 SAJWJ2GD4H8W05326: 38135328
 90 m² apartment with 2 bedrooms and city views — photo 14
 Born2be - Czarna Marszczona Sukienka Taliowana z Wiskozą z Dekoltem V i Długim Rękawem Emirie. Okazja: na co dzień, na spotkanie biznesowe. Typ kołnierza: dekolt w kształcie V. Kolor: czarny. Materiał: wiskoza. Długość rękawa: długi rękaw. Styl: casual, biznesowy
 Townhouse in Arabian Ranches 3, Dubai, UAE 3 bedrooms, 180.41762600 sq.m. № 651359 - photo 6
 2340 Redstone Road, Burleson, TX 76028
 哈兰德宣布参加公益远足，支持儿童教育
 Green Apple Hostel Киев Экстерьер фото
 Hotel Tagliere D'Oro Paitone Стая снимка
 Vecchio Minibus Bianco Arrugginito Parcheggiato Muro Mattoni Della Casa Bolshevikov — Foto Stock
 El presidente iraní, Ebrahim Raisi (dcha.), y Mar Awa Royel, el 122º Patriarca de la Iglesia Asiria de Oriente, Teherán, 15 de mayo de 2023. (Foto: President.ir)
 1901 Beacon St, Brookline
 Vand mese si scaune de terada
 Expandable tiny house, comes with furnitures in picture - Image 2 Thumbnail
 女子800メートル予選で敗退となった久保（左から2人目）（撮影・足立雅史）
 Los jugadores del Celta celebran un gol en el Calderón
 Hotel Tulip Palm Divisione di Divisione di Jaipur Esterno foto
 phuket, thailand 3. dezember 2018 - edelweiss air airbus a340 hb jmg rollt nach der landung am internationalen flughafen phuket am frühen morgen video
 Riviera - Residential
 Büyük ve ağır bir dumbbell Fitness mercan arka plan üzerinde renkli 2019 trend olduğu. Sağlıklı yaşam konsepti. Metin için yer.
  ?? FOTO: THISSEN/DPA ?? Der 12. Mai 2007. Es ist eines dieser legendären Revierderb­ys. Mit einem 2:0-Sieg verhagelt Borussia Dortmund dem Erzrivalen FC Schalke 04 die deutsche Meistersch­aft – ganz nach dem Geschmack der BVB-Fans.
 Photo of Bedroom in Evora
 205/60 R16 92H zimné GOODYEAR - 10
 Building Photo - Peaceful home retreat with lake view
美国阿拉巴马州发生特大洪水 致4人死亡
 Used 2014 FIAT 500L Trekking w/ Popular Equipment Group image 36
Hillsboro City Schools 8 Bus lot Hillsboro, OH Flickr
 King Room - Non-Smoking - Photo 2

..........

__BRIEF__
Looking at each line of the records, count the ones where the word "Hotel" appears, and report only the count.

__EXERCISE OUTPUT__
2